The company proposing what would be called the St. Joseph Energy Center says the project would bring about 700 short-term construction jobs, at least 35 permanent, high-paying ones at the plant and hundreds more for maintenance and other support.
But we've seen big plans like this before with little progress and lots of controversy.
The sights and sounds of industry are tough to miss on the western edge of St. Joseph County, especially for Don Hales who lives along U.S. 20 near huge power lines and close to New Carlisle’s industrial park.
“I think that’s just the price of progress in this area,” he said.
The potential for hundreds more jobs lies just west of the controversial car shredder and a steel plant in the industrial park.
“In having biked through that area, you still see the remnants of what was there. You can't use it at the moment for farming and obviously you can't build houses on it, so it's already been zoned, I guess, for the original. Why not just go ahead and finish what's been started in the first place?” Hales asked.
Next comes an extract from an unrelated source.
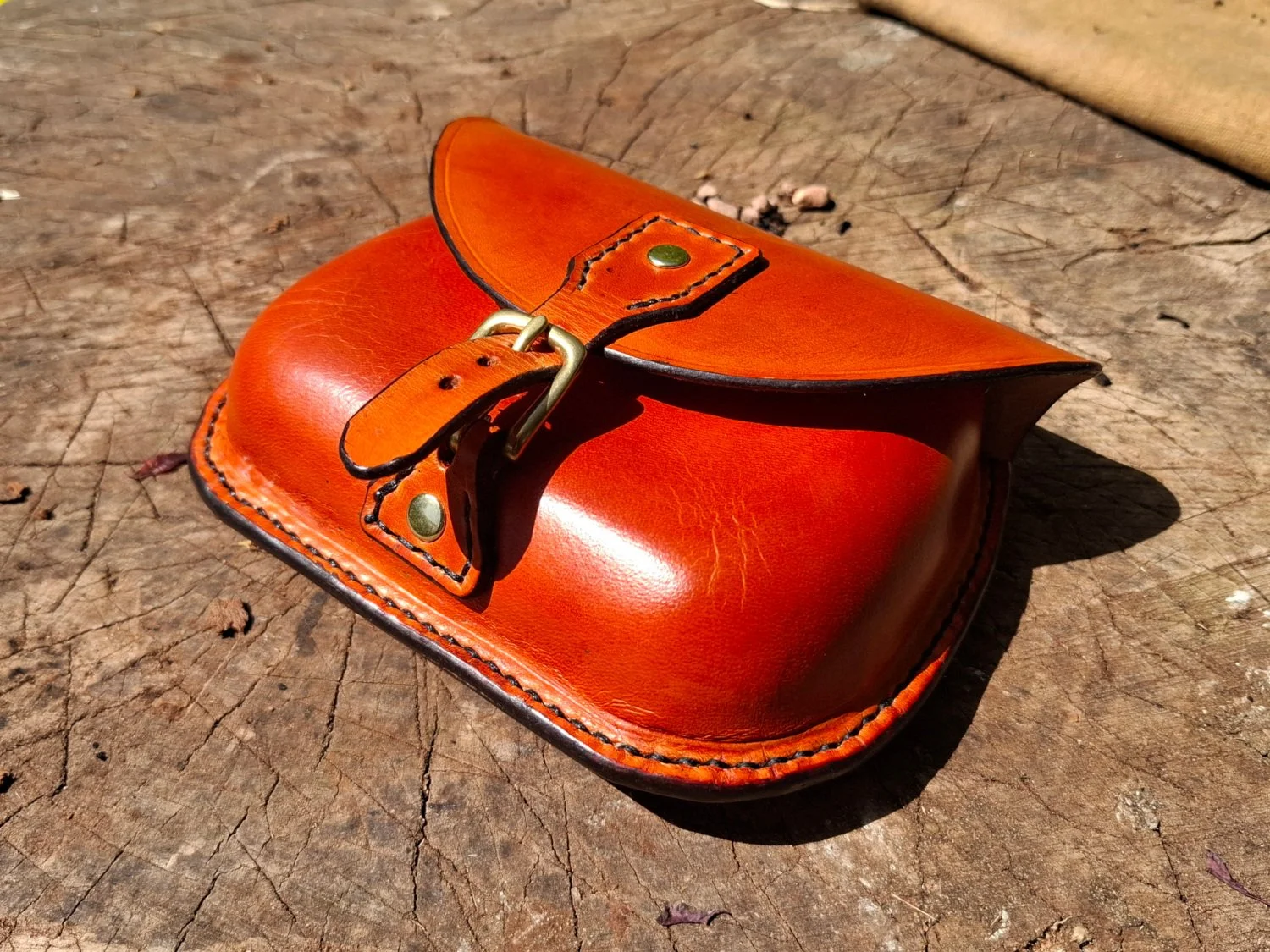 A small, orange leather pouch with a flap and buckle closure resting on a weathered wooden surface.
It’s the third proposed power plant at the corner of Walnut and Edison Roads in Olive Township. The first began in 2002, but the company ran out of money before it could finish construction. You might remember the very controversial 2005 Tondu proposal to build a coal gasification plant in the same spot.
The county wouldn’t approve some of the necessary permits for that project.
St. Joseph Energy Center is based in New York. Company spokesman Willard Ladd told WSBT the plant would produce electricity using natural gas, helping meet projected needs to power Indiana homes and businesses in the future. Its plans are very similar to the 2002 project, Ladd added.
“I’m actually OK with it because it would bring jobs and would have an economic impact as far as taxes and things like that,” Hales said.
“I would like to see more employment, more jobs,” added Skip Parmley, who lives nearby in New Carlisle. “I think we need help as far as that. We’re losing too much here.”
Ladd said if all goes well in the current permit process, construction could start by the fourth quarter of 2013.
One of the necessary permits is an air quality permit from Indiana’s Department of Environmental Management. IDEM is hosting a public meeting Thursday, Oct. 4 at New Prairie High School. The meeting begins at 6 p.m. Eastern Time and the public hearing is scheduled to being at 7 p.m.